TEMPO.CO, Jakarta - Organisasi Angkutan Darat (Organda) mencatat jumlah mikrolet yang terintegrasi dengan layanan bus Transjakarta baru tujuh persen. Jumlah tersebut dinilai masih terlalu kecil.
"Dari total 12 ribu unit, baru sebanyak 800 mikrolet yang teritegrasi, kalau kita berbicara upaya menekan kemacetan, tentu angka ini cukup kecil," kata Ketua Organda DKI Jakarta Shafruhan Sinungan di Jakarta, Selasa, 18 Juni 2019.

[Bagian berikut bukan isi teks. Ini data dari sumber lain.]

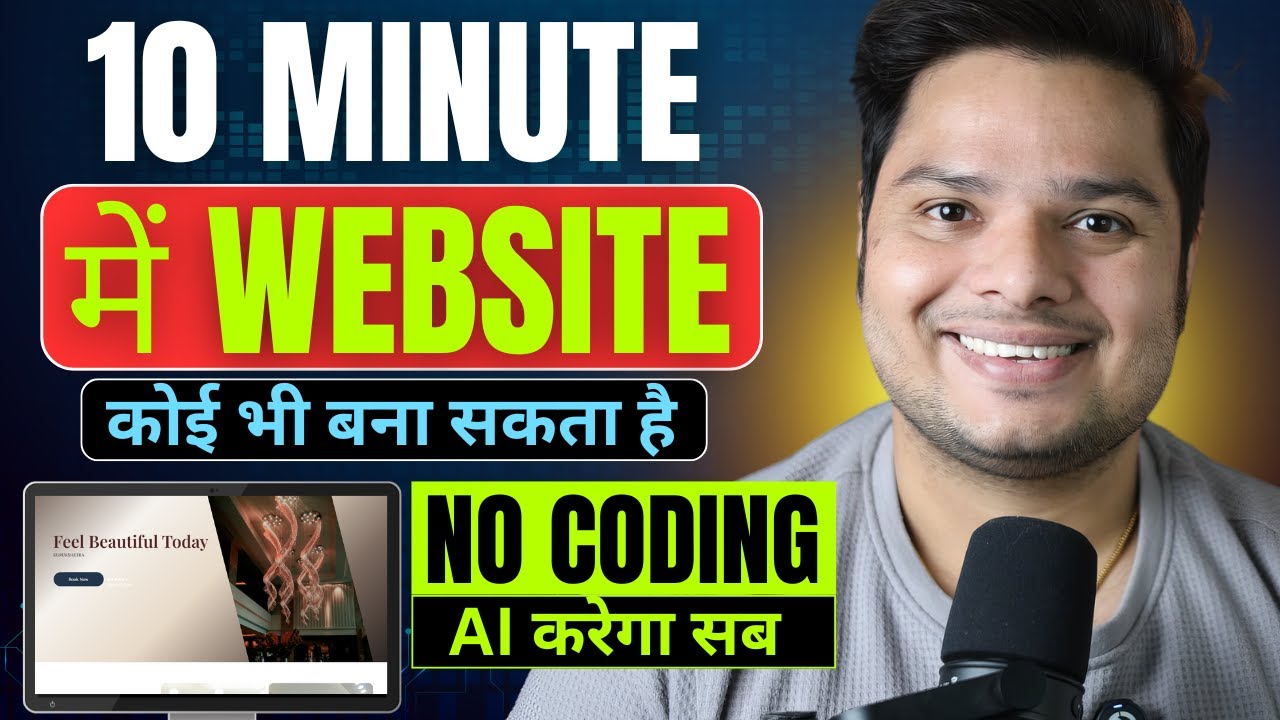Create a Stunning Website Using AI in 10 Minutes 🤖 No Coding 🔥 - YouTube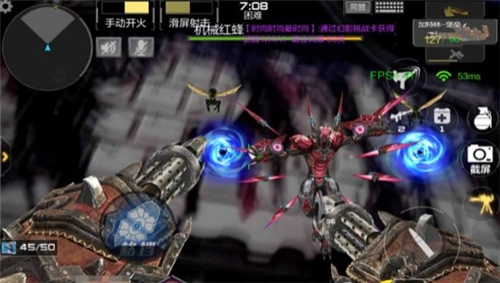 cf手游打破次元的机械怪兽 ar模式玩法攻略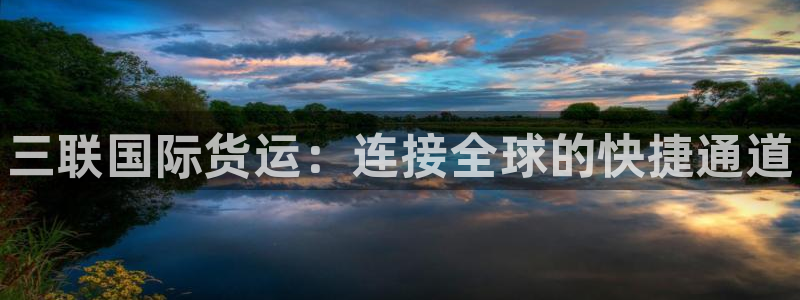 尊龙凯时捕鱼游戏能玩吗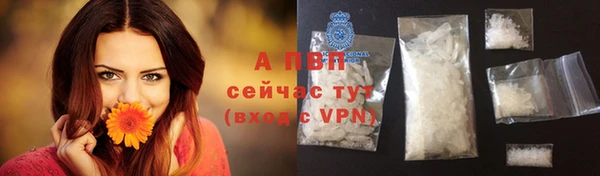 гашишное масло Абаза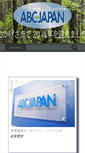 Mobile Screenshot of abc-japan.co.jp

Baca: Berikut 8 Rute Angkot Jak Lingko Tanah Abang
Shafruhan mengatakan integrasi yang baik antar angkutan darat menjadi syarat penting guna menarik minat masyarakat agar mau beralih menggunakan transportasi umum. Karena hal tersebut bisa mempermudah masyarakat bermobilisasi.
Menurut Shafruhan, transportasi yang ada di DKI Jakarta ini sebenarnya sudah cukup lengkap, mulai dari mikrolet, bus Transjakarta, kereta rel listrik (KRL), sampai moda raya terpadu (MRT). "Bahkan tak lama lagi kereta api ringan atau LRT juga akan ikut bergabung dalam jajaran moda transportasi publik DKI," kata dia.
Baca: Organda DKI Protes Penghapusan Rute Angkot dan Bus, Reaksi Anies?
Sayangnya, kata Shafruhan, integrasi dari setiap jenis transportasi publik yang telah tersedia itu masih belum optimal. Menurut dia, idealnya, mikrolet dirotasi jalur trayeknya menjadi angkutan pengumpul yang masuk ke lingkungan pemukiman warga dengan tujuan akhir di koridor-koridor Transjakarta.
"Transjakarta juga terhubung dengan MRT dan KRL. Jadi kalau dari depan rumah sudah tersedia transportasi publik yang terintegrasi, maka ini akan menarik minat warga untuk beralih," kata Shafruhan.